COLUMBUS, Ohio — When Pat Elflein won the Rimington Trophy in 2016 as the nation’s best center, it ended a mind-boggling drought for Ohio State.
Given the talent that Ohio State brings in on a yearly basis — as well as the player development that takes place in Columbus — it was surprising that the Buckeyes went nearly a decade without a national award winner. Ohio State had more than a dozen All-Americans during that stretch, but nobody had captured a national award since Malcolm Jenkins won the Thorpe Award in 2008.
Given the way Ohio State has recruited in recent years, it seems unlikely that Buckeyes fans will have to endure a similar stretch in the coming years. But which players have the best chance to follow in Elflein’s footsteps? Here are some candidates who could take home the next major award for Ohio State.
(A list of all College Football Awards can be viewed here.)
Price’s status as a national award contender is obvious. After all, he’s making the same transition from guard to center that Elflein made last year. He was an All-American at right guard last season, so he’s already incredibly well regarded for his work on the offensive line.
No school has produced back-to-back Rimington Trophy winners, but Price seems positioned to give Ohio State a shot at being the first.
It’s tough to put defensive ends and cornerbacks on this list. Those are the most talented position groups at Ohio State, but that depth leads to more rotations and fewer individual reps. The good of the team in this case comes at the expense of individual recognition, which is why none of Ohio State’s three defensive backs who are about to be drafted in the top 15 of the NFL draft were finalists for the Thorpe Award (nation’s best defensive back) in 2016.
Bosa might have the skill set to transcend that, however. His older brother Joey was a dominant force at Ohio State, and Nick already is drawing comparisons to him after bagging 5 sacks as a freshman.
He’ll be splitting reps again this year with three or four talented defensive ends, but he’s continued to build his skill set since arriving at Ohio State.
“I think he has got some good things that he is working on,” defensive line coach Larry Johnson said. “If he can improve his game as a sophomore, that is all you can ask.

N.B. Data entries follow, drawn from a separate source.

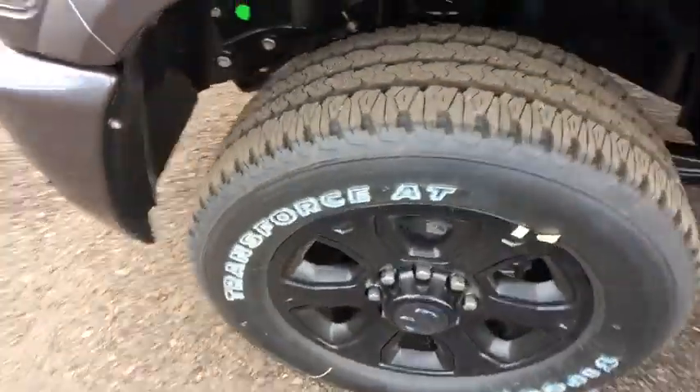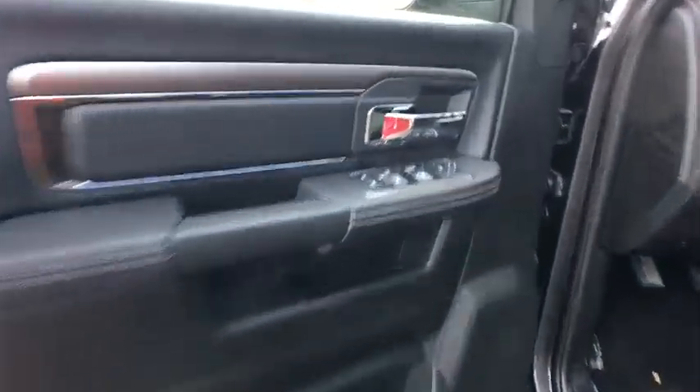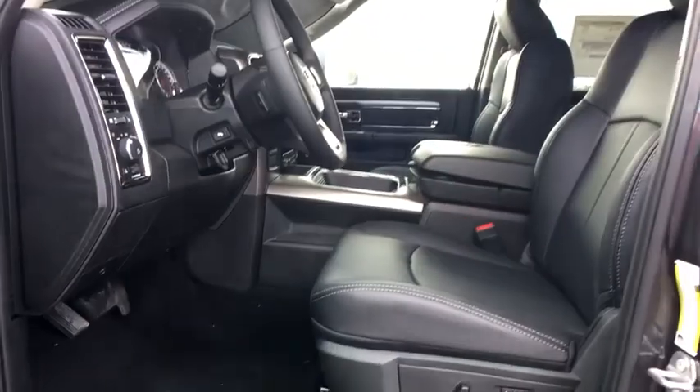Rear window defroster, heated driver seat, remote power door locks, power windows, compass, convenience group, tachometer, airbags, leather seats, and sport appearance package.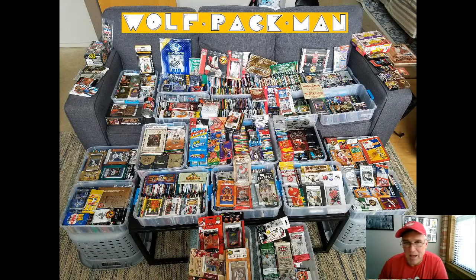Hey everybody, welcome to the Wolf Pack Man YouTube channel. See all those cards right over there, all those unopened packs? We are slowly chunking our way through that mass of unopened packs, and today we're going to knock off three packs from that huge pile — I think that was the hockey corner of that group.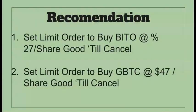My recommendation here is not to buy either BITO or the GBTC right now, but to wait for a pullback. The pullback for the BITO ETF to about $27 a share — you can set a limit order at $27 a share, good till cancel, to buy BITO. With the GBTC, I recommend $47 a share for the good till cancel order. This is just my opinion and not a recommendation for everyone, but this is probably what I'm going to be doing with these two ETFs, BITO and the GBTC.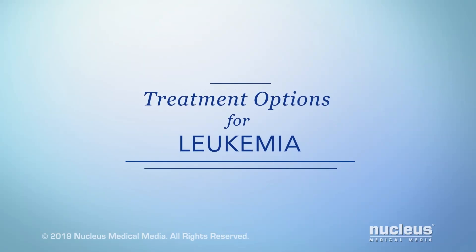You or someone you care about may have been diagnosed with leukemia. This video will help you understand some of the available treatment options.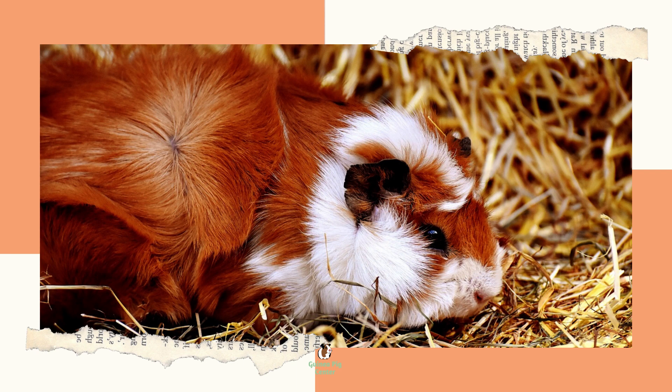Let's talk about what you should not use as a guinea pig habitat. Before getting to the best options, you need to know the worst options for your guinea pigs. These should never be considered, and if you come across someone using them for guinea pigs, you should consider educating the owners. Aquariums initially look like a good idea since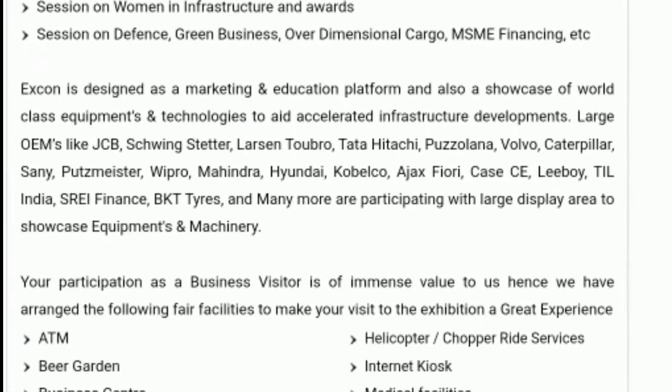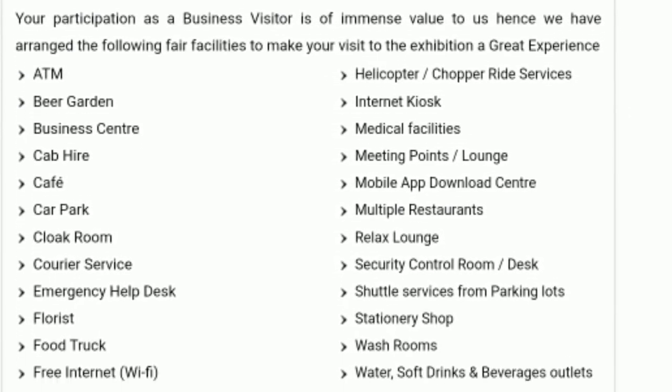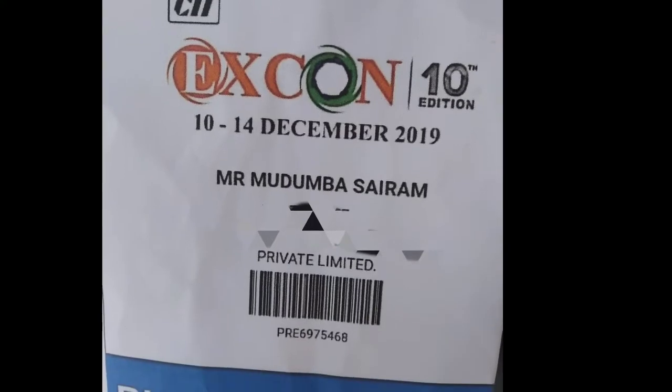They are launching 300 plus products and arranging so many facilities for the visitors at the exhibition center. Finally, we got the pass as a business visitor to Xcon 10th edition on 14th December.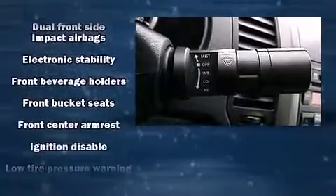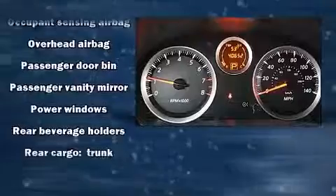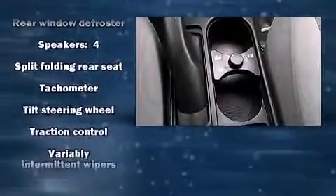With side-curtain airbags supplementing the rest of the safety network, you can be assured that you and your passengers will experience top-tier protection. It also arrives with a Carfax history report, providing you peace of mind with detailed information.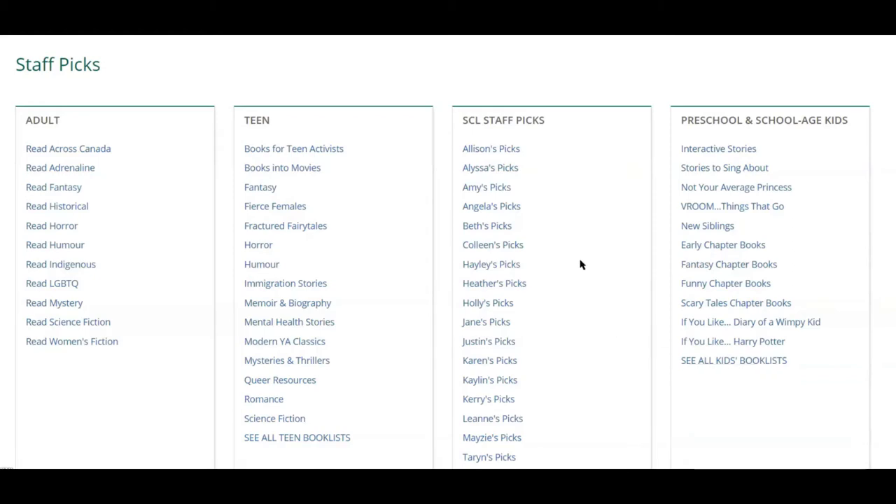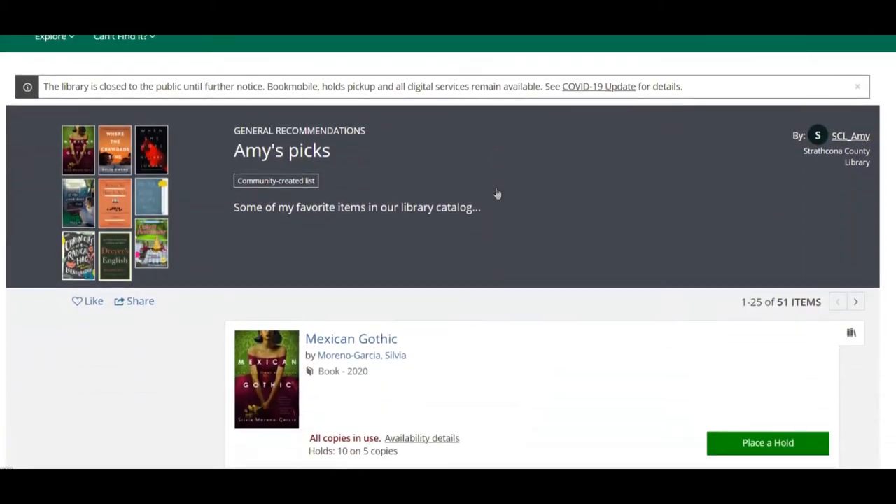You can find lists of our library staff's favorite books in the SCL Staff Picks area. Select a library staff member and scroll through their list to see what they like to read.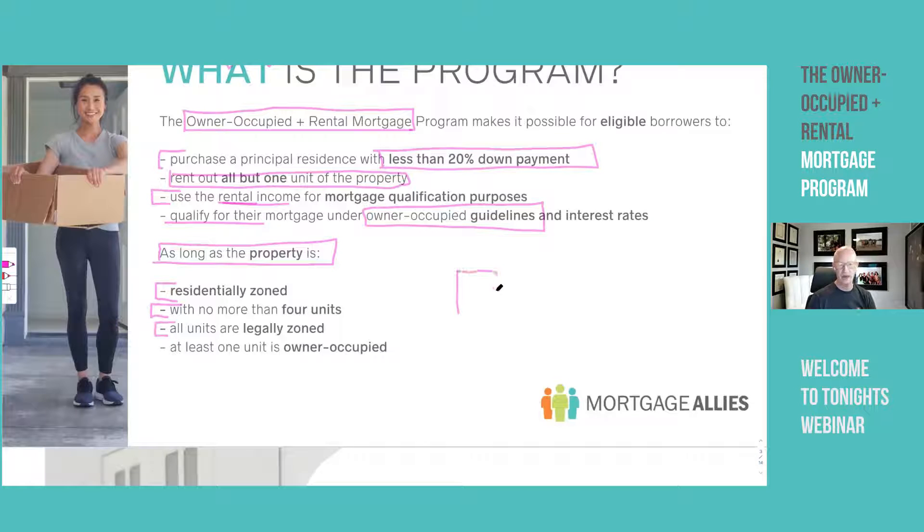For example, if you have a house and you're living in the top and renting out the bottom — is that a legally zoned unit? No, it is not. When we look at the listing, it has to say duplex, triplex, or fourplex. In some cities like Toronto, you may have what's called a legal basement, which requires city approval, fire department approval, and proper retrofitting. Even then, some mortgage insurers and lenders are a little twitchy about that.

I don’t think he is looking to compare himself to Joey, what Joey did his sophomore year. He just wants to be a great player, and whatever it takes to do it, he is all ears. That is what I like him about him.”
Barrett’s spot on this list is probably questioned more by Ohio State fans than it would have been a year ago, but that doesn’t mean it’s wrong. There are multiple quarterback-specific awards (including one just for seniors), and signal callers almost always take home the three player of the year trophies, as well.

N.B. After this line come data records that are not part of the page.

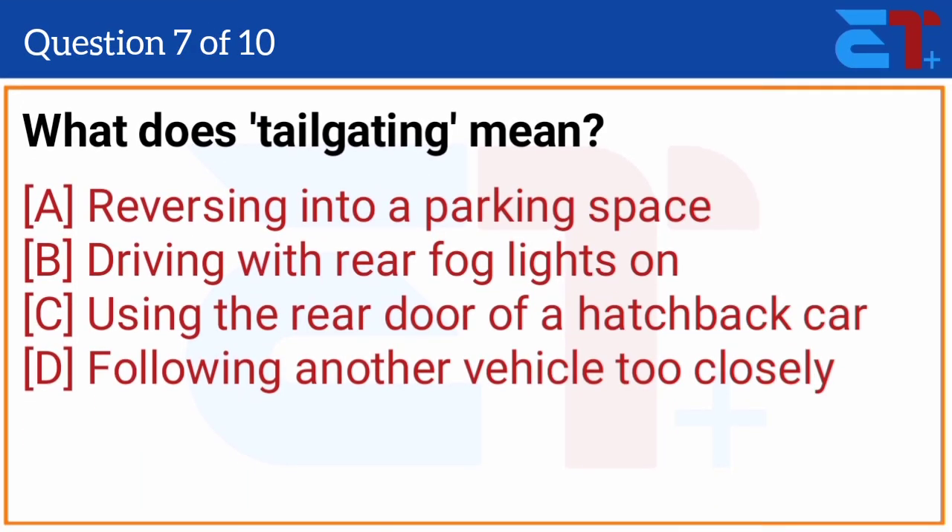What does tailgating mean? The correct answer is option D, following another vehicle too closely on the roadway.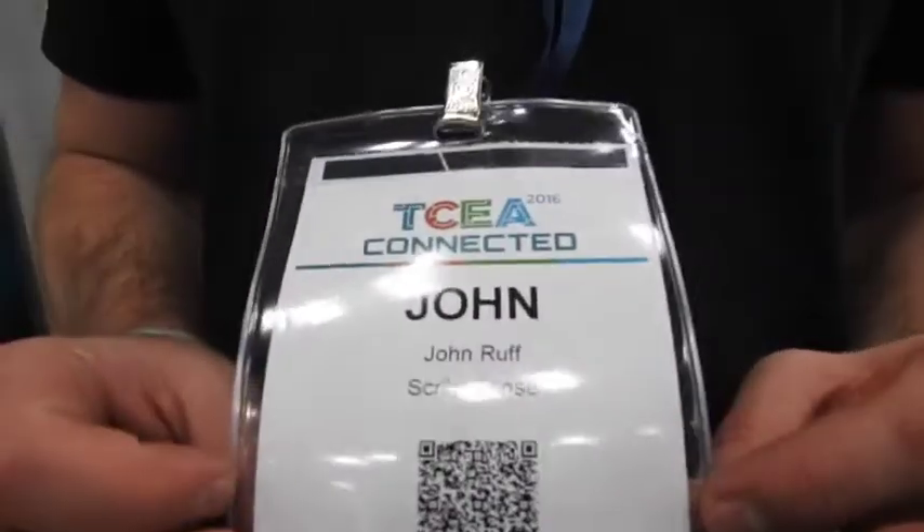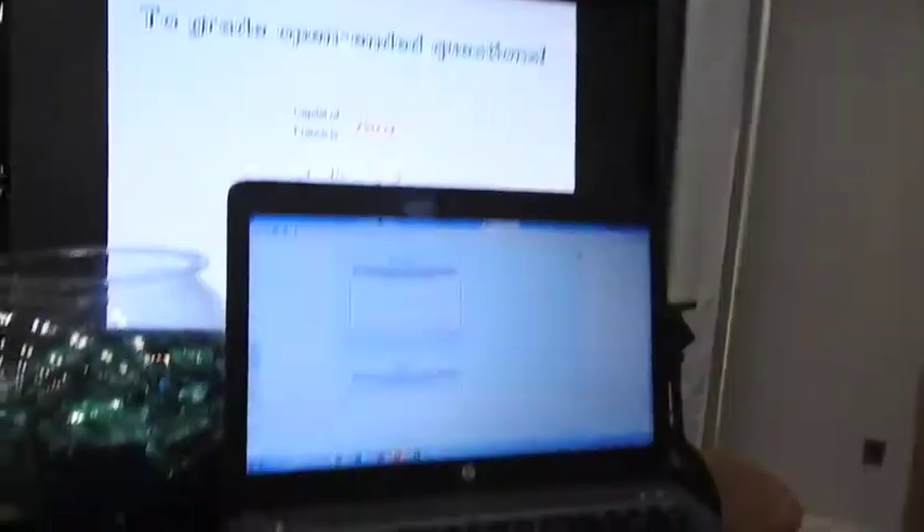If somebody's interested in ScribeSense, where do they go? Check out ScribeSense.com and you can email John at ScribeSense.com. Are you the boss? I am, I founded it. I didn't code everything up — Paul, my technical co-founder, is walking around here somewhere and he coded up everything. I worked on designing it with teachers in mind. Cool product — ScribeSense.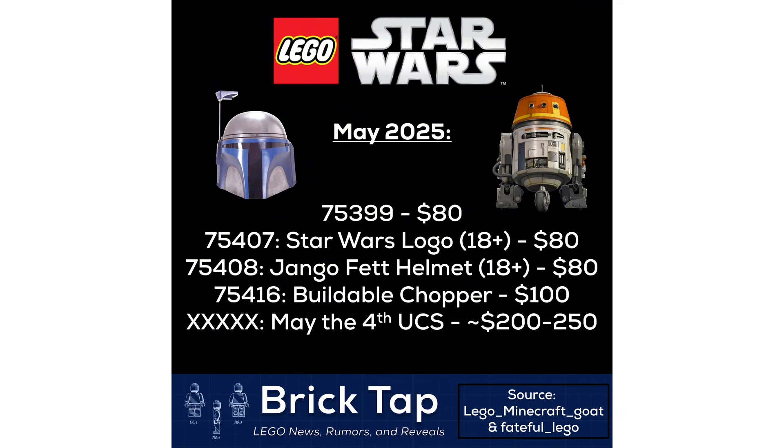Taking a look down, we have set number 75407, the Star Wars 18+ logo set, which is also going to retail for $80, and then set number 75408, Jango Fett's helmet set, which is going to retail for $80 as well. It's going to be an 18+ set, and the UCS set is actually going to pair with that, so just wait for one second.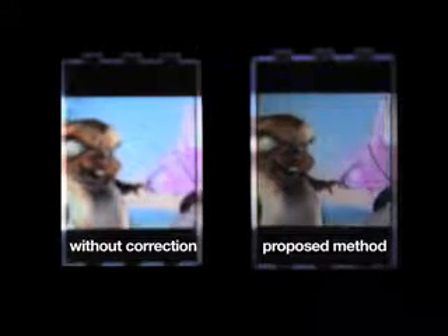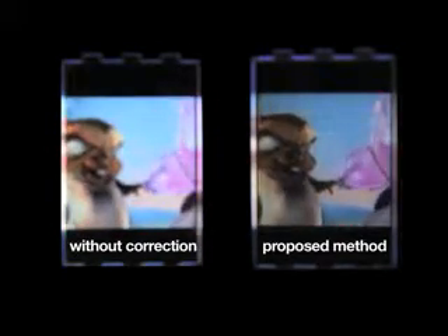A new technology has been invented that corrects for refractive errors in the eye using a display. It basically puts the glasses on the display rather than on your head.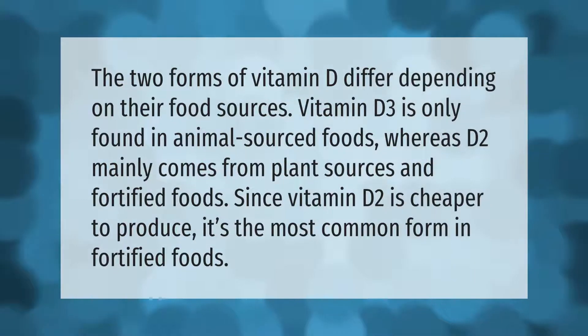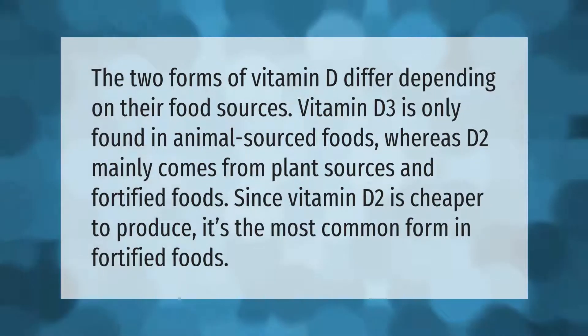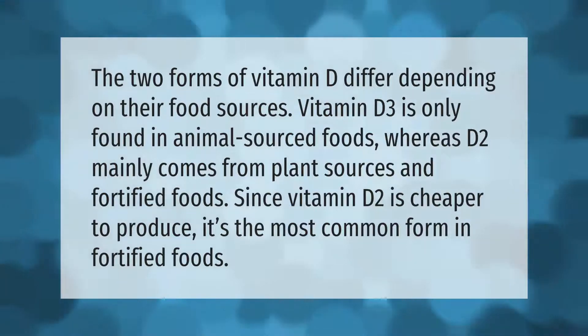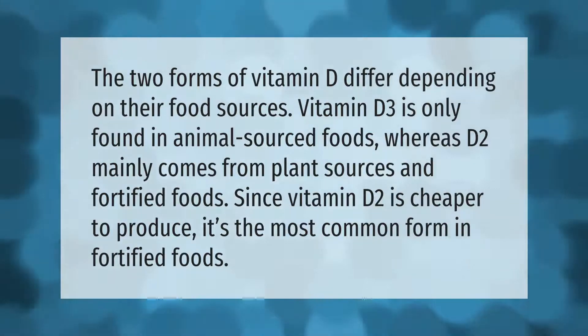The two forms of vitamin D differ depending on their food sources. Vitamin D3 is only found in animal-sourced foods, whereas D2 mainly comes from plant sources and fortified foods. Since vitamin D2 is cheaper to produce, it's the most common form in fortified foods.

Aside from the fact that there are so many chances to win one, it’s just reasonable to assume Barrett will have a bounce-back year. Two of the greatest offensive minds in college football are employed by Ohio State. The Buckeyes figure to use more tempo this season, which helped the quick-thinking Barrett to a fifth-place Heisman finish as a redshirt freshman in 2014. Ohio State’s wide receivers and offensive line should be better and, most importantly, the coaching staff has confidence in Barrett.
“I thought once again his accuracy was right on target, like it’s been most of the spring,” Ohio State coach Urban Meyer said after Barrett completed 8 of 12 passes in the spring game.

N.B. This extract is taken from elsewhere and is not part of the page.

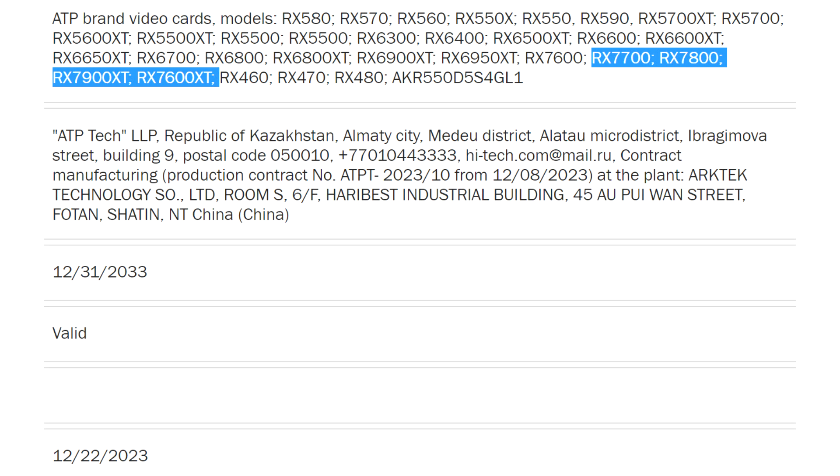The Radeon RX 7800 is a different beast. AMD faced quite some flack for positioning the RX 7700 XT within $50 of the RX 7800 XT, and now the former can be had for a street price of roughly $430. To be able to squeeze the RX 7800 between the two, AMD might need to widen the gap by pushing the RX 7700 XT down.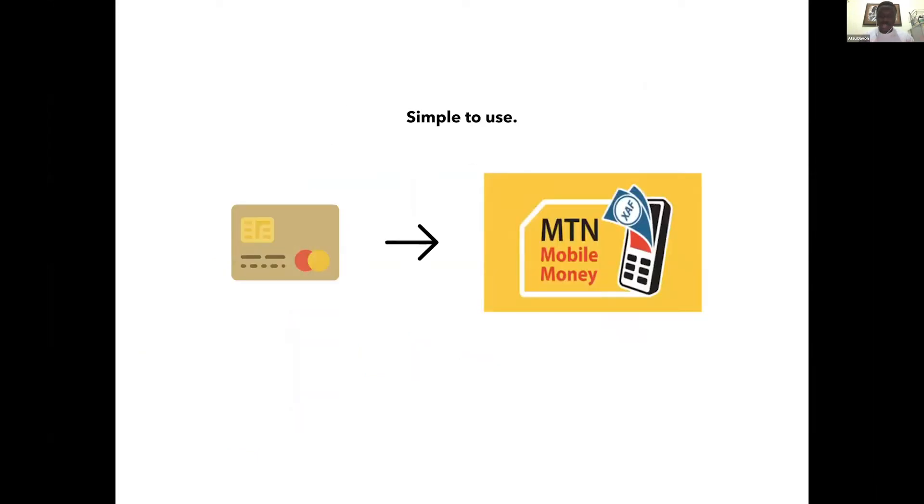The platform is very simple to use. Anywhere you are in the world, any country you are in — if you have a debit card, a credit card, or even Bitcoin — you can load money up onto the site. The recipients in Africa receive money in local currencies on their mobile phones, with MTN mobile money or M-Pesa, depending on the country where they are.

Someone in the Class of 2017
This is a bit of a cop-out, but there’s so much talent in the incoming freshman class. From a timeliness standpoint, it would take a couple of years without any hardware before members of this class have a crack at it. But if that is the case, there are many young players on this roster with elite athleticism.
A few names to keep in mind: cornerbacks Jeffrey Okudah and Shaun Wade, linebacker Baron Browning, offensive guard Wyatt Davis and wide receiver Trevon Grimes.